- Theatrical release poster
- Directed by: M. Jayapradeep
- Written by: M. Jayapradeep
- Starring: Parthy; Richard; Vidhya Mohan;
- Cinematography: Rasamathi
- Edited by: Gopi Krishna
- Music by: Satish Chakravarthy
- Production company: The Movie House Entertainment
- Distributed by: V. Creations
- Release date: 24 January 2014;
- Running time: 105 minutes
- Country: India
- Language: Tamil

= Ner Ethir =

Ner Ethir is a 2014 Indian Tamil-language thriller film directed by M. Jayapradeep. The film stars Parthy, Richard, and Vidhya Mohan, while Harish Siva, Aishwarya Menon, and M. S. Bhaskar play supporting roles. The music was composed by Satish Chakravarthy with cinematography by Rasamathi and editing by Gopi Krishna. The film was released on 24 January 2014. It is a remake of Across the Hall (2009).

== Plot ==
Karthik gets a call from his friend Kathir, who tells him that earlier that day, he received a call that his fiancée Isha had cancelled her flight. Kathir followed her and discovered that she had checked into a local hotel, after which Kathir rents out the room across the hall from Isha, believing that she is cheating on him. Kathir explains to Karthik that earlier that evening, he had gone to Karthik's house, and finding him not home, broke in and stole Karthik's gun.
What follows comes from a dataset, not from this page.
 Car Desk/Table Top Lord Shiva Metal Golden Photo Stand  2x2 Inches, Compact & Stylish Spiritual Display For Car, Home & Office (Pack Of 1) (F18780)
Worried that Kathir is about to kill someone, Karthik tries to reason with Kathir on the phone not to do anything, but after having no success, he tells Kathir to stay where he is and wait until he meets him at the hotel in about 20 minutes. During the film, it is revealed that Isha cancelled her flight because of Karthik and that they were cheating behind Kathir's back. Kathir finds this out when he kills Isha and tries to call Karthik, whose cell phone was still in the hotel room that Isha and Karthik cheated in. Kathir tricks Karthik into helping move Isha and frames him for killing her while the police storm the hotel.

== Production ==
The film began production in late March 2013 under the title Woo, directed by Jayapradeep, an associate of director Keyaar. In April 2013, the team discussed filming a romantic song in Norway and Switzerland, citing that schedules had already taken place on a set worth ₹75 lakh.
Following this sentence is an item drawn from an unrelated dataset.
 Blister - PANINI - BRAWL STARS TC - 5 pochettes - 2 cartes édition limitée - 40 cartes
By late 2013, Kalaipuli S. Thanu had acquired the film's worldwide distribution rights. A month later, he revealed that all profits from the film would be distributed to the welfare of the needy in the film industry. Thanu also revealed he discussed potential Telugu and Hindi remake versions of the film with Gautham Vasudev Menon.

== Soundtrack ==
The music was composed by Satish Chakravarthy, who also wrote the lyrics.

| Song | Singers |
|---|---|
| "En Kadhale En Kadhale" | Shreya Ghoshal, Satish Chakravarthy |
| "Ini Naan Mohini (Latchumi)" | London Harshi, Satish Chakravarthy, Kamala Kannan |
| "Kanmani Nee illaiyel" | Haricharan, Satish Chakravarthy |
| "Stars Jolikka Vendum" | Neeti Mohan, JayaPradeep |
| "Yaarival Yaarival Yaaro (Thiruda Thiruda) | Neeti Mohan, Satish Chakravarthy |

== Reception ==
M. Suganth of The Times of India gave the film 1.5/5 stars and wrote, "The performances and the filmmaking are so flat that you never really invest in these characters. The drawn-out nature of the scenes and the irritating comedy track only make things worse". Sify noted the film's similarities to Across the Hall (2009) and wrote, "The performance by the lead actors is wooden and direction is tedious though the film is only 105 minutes".